10 December 2020 - 12 December 2020
Hauptkirche St Petri Hamburg
Photos by Dmitrij Leltschuk ©
New Belarus Art presents a group exhibition of Belarusian artists in the main church St.-Petri in Hamburg from Friday 10th December 2020 to Sunday 13th December 2020.
After the regime announced its electoral victory and responded to the peaceful protests, which continue to this day with mass arrests, repression and torture, a worldwide movement of Belarusian protest art emerged. Artists have consolidated themselves and, through the prism of their own perception, create works that are particularly topical, particularly urgent and very close to the times.
Every day, politicised works are created, where new heroes are highlighted and the anti-heroes are ironised about. Mostly they are striking illustrations or digital collages, which are quickly created in response to the regime's actions. Often it is also realistic photographs that document the momentum of events. Sometimes it is minimalist graphics or expressive paintings that express the horror of violence or the pursuit of hope.
However, not all artists interpret the current themes that are currently on everyone's lips, but they all feel the pain on a metaphysical level, which in some way affects their work. This metaphysical pain is an ethnopsychological phenomenon that unites Belarusians as a whole and moves them to rediscover their own essence and role in the formation of the "New Belarus", including the awareness of their right to free, independent existence and the creation of an original ethnic culture, including contemporary visual art.

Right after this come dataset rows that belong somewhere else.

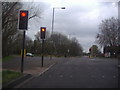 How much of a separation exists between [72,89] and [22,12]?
8.69 metres

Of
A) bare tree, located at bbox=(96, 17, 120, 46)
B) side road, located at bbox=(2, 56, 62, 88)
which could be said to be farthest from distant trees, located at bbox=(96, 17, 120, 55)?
side road, located at bbox=(2, 56, 62, 88)

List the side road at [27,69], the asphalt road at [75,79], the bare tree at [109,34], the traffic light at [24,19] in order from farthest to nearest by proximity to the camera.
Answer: the bare tree at [109,34]
the traffic light at [24,19]
the side road at [27,69]
the asphalt road at [75,79]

The works of art of the Belarusian artists are presented worldwide and meet with great public response. In Germany it is the third exhibition in a row. The works have so far been shown in the St. Marienkirche in Rostock and the St. Marienkirche in Lübeck. Now St. Peter's Church in Hamburg is opening its doors on the international Human Rights Day, which was defined on 10 December 1948 by the General Assembly of the United Nations. This is a symbolic opening day, because human rights are violated every day in Belarus, including those of artists, many of whom are on the run.

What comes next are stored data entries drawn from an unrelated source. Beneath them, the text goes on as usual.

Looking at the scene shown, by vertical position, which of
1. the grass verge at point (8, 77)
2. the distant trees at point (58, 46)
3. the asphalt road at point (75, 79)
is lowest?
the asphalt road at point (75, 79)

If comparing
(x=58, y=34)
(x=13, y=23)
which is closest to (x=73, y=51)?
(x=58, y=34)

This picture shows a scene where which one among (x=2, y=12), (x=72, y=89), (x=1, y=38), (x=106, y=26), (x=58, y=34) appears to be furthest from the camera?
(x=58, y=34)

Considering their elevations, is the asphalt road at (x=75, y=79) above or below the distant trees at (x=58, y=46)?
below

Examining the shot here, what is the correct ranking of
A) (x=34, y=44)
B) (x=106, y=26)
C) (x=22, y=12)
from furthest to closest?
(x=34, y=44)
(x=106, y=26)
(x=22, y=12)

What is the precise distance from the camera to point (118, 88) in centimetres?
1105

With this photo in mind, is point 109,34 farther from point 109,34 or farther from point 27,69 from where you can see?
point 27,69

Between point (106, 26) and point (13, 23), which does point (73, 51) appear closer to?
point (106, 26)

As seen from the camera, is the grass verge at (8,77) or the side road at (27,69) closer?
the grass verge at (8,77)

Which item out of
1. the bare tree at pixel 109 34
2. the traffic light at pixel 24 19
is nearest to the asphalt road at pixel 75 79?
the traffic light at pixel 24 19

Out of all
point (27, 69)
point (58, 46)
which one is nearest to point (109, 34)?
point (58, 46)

The violation of human rights has now reached a new level of escalation and many feel like helpless hostages, which is reflected in the theme of the exhibition. The art tells of the consequences of state terrorism and is therefore deeply political. It mobilises, informs, entertains, frightens and convinces.
On the opening day, parts from the book "Seeking Justice, Stories of Violence in Belarus" will be read. It contains dozens of publications by the Belarusian media which testify to torture and other forms of cruel treatment of people.
The exhibition can be visited on Thursdays and Fridays from 3 p.m. to 6.30 p.m., Saturdays from 10 a.m. to 5 p.m. and Sundays from 9 a.m. to 3 p.m. in the Church of St. Mary. 42 positions of 12 artists will be presented. Among them are paintings, graphics, illustrations, photographs, animations and video installations by emerging Belarusian artists living both in Belarus and in the EU.